Is an act morally good because God commands it or does God command it because it is good?In this post I'd like to reflect on the first of the dilemma's two horns: Is good simply whatever God commands such that cruelty or hatred would be good if God commanded them? If so, it seems that good is just the arbitrary choice of the deity which seems to most people to be an unacceptable option.
The problem with this part of the dilemma, though, is that if we stipulate that God is omnibenevolent, and that "good" is that which conduces to human happiness, then the suggestion that God could command cruelty or hatred is an incoherent act description. Here's why:
The hypothesis that God could command cruelty presupposes a state of affairs in which a perfectly good being, i.e. one whose essence it is to always do that which ultimately conduces to human well-being and happiness, nevertheless commands us to do something which produces gratuitous suffering and pain. There's a profound logical conflict in that.
In other words, if goodness is as we've defined it, and if God is perfectly good, then it's logically impossible for cruelty to be part of his nature or for him to command cruelty or anything else incompatible with ultimate human well-being and happiness. It would require of God that he issue a command that is opposed to his own nature.

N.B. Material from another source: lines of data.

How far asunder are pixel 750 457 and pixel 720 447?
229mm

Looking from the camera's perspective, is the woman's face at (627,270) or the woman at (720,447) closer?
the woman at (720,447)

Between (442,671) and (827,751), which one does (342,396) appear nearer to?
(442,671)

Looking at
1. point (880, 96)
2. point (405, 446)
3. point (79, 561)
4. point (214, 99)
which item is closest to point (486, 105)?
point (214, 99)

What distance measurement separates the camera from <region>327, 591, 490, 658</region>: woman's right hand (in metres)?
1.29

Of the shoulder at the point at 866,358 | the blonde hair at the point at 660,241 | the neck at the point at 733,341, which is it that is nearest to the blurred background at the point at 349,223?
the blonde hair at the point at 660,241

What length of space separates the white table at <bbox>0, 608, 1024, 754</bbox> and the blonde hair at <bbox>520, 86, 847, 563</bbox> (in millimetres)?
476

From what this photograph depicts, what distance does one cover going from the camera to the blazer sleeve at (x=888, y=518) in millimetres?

It's like positing a state of affairs in which there is something which a being who knows everything nevertheless doesn't know.
An act is morally good not because God commands it but because it approximates or conforms to His nature which is the ultimate standard or template of goodness.
So, the proper answer to the question of whether God commands us to love because love is good or whether love is good because God commands it, seems to me to be "neither." God commands us to love because it is his desire to have the world conformed to his own essential nature which is perfect goodness and love.
If what's been said in this and the previous posts is correct then the Euthyphro Dilemma fails as an objection to the moral argument outlined in the first post in this series. It certainly doesn't succeed in putting the theist in the kind of bind some think it does.